■ Exercise instructions:
Dropping every picture, set down exactly the lines in the entries below, starting with the line with "Алкотестер Динго Е-030 – изображение 9" and going on through the line with "Vino Blanco Joven Botella".

■ Data extract:
=-=-=
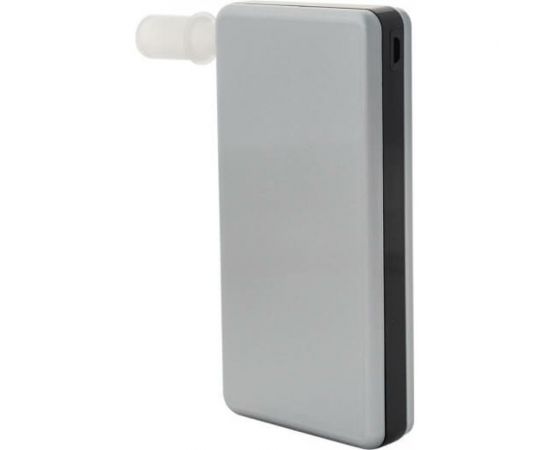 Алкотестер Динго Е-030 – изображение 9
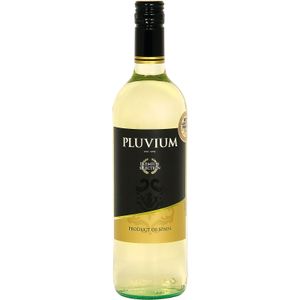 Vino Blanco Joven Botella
=-=-=
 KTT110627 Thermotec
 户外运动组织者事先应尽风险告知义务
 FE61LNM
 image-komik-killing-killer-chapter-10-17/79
=-=-=
■ Exercise response:
 Алкотестер Динго Е-030 – изображение 9
 Vino Blanco Joven Botella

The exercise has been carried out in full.